(Beginning of GIVEN RECORDS)

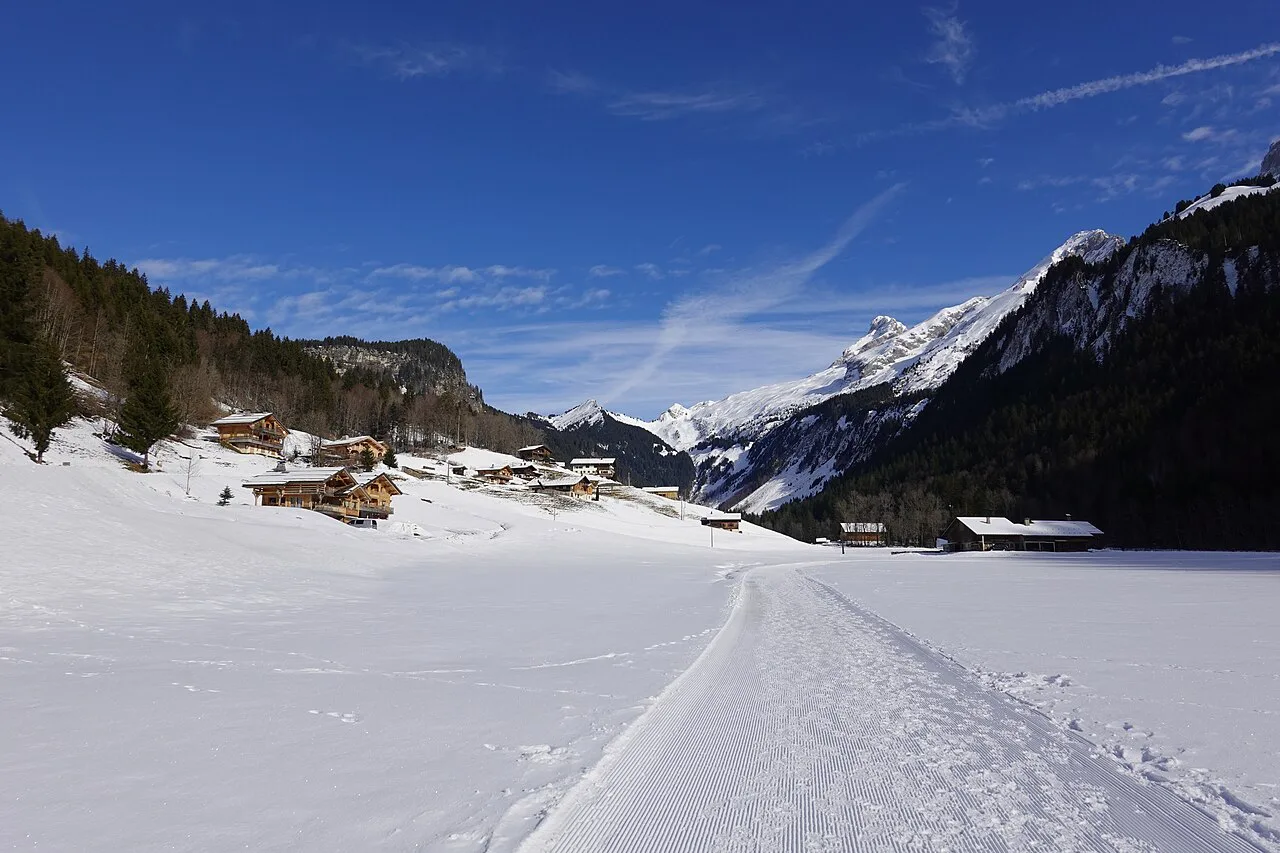 Piste de raquette @ Le Grand-Bornand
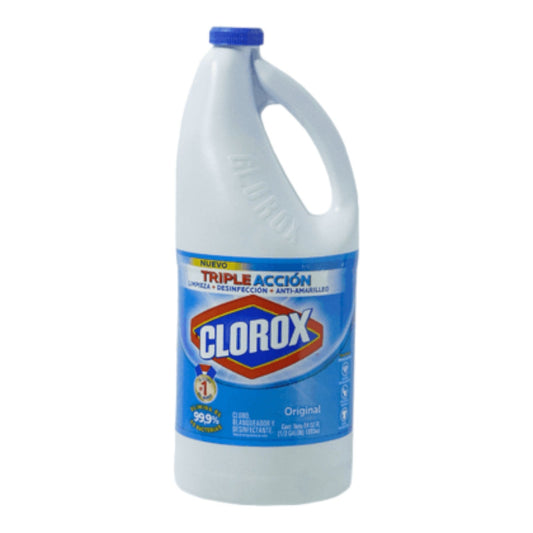 CLORO BLANQUEADOR DESINFECTANTE ORIGINAL 2 GL CLOROX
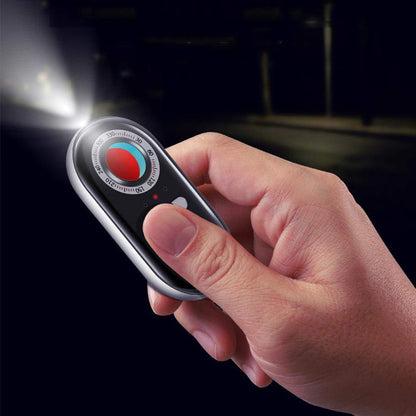 Olyyra Hidden Camera Detector – Portable Spy Camera Finder with LED Flashlight, Safety Alarm & USB Rechargeable Design for Hotels, Travel & Personal Security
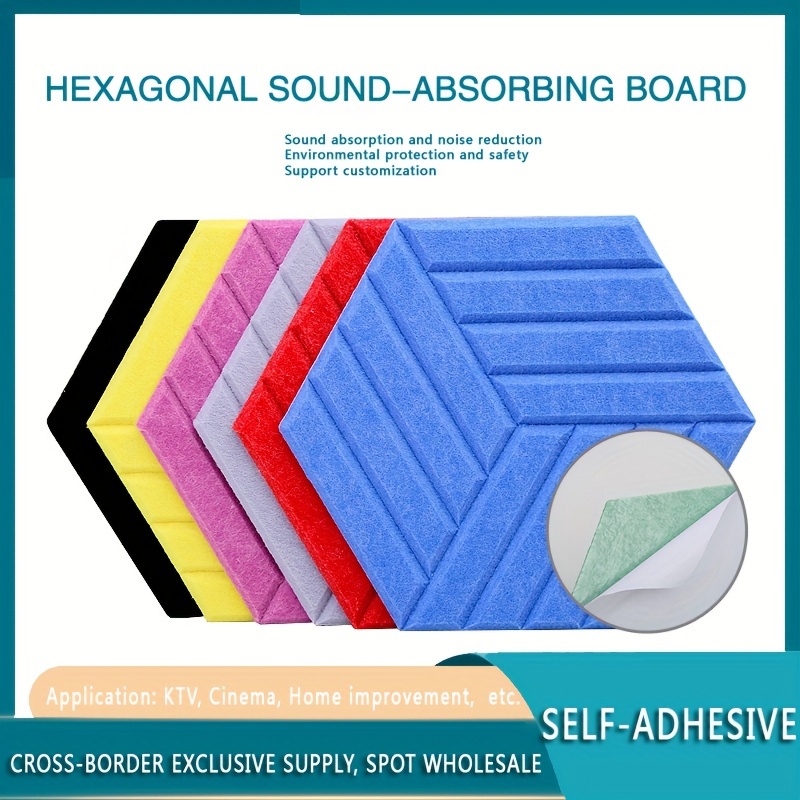 Felt Board Tiles Hexagon Bulletin Board Self Adhesive Pin - Temu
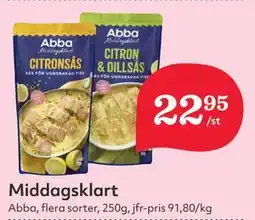 Hemköp Middagsklart erbjuda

(End of GIVEN RECORDS)

## WORK TASK
From the line holding "Olyyra Hidden Camera" through the last line of the material above, each line should be written out exactly, both included; omit the pictures.

## EXERCISE SOLUTION
 Olyyra Hidden Camera Detector – Portable Spy Camera Finder with LED Flashlight, Safety Alarm & USB Rechargeable Design for Hotels, Travel & Personal Security
 Felt Board Tiles Hexagon Bulletin Board Self Adhesive Pin - Temu
 Hemköp Middagsklart erbjuda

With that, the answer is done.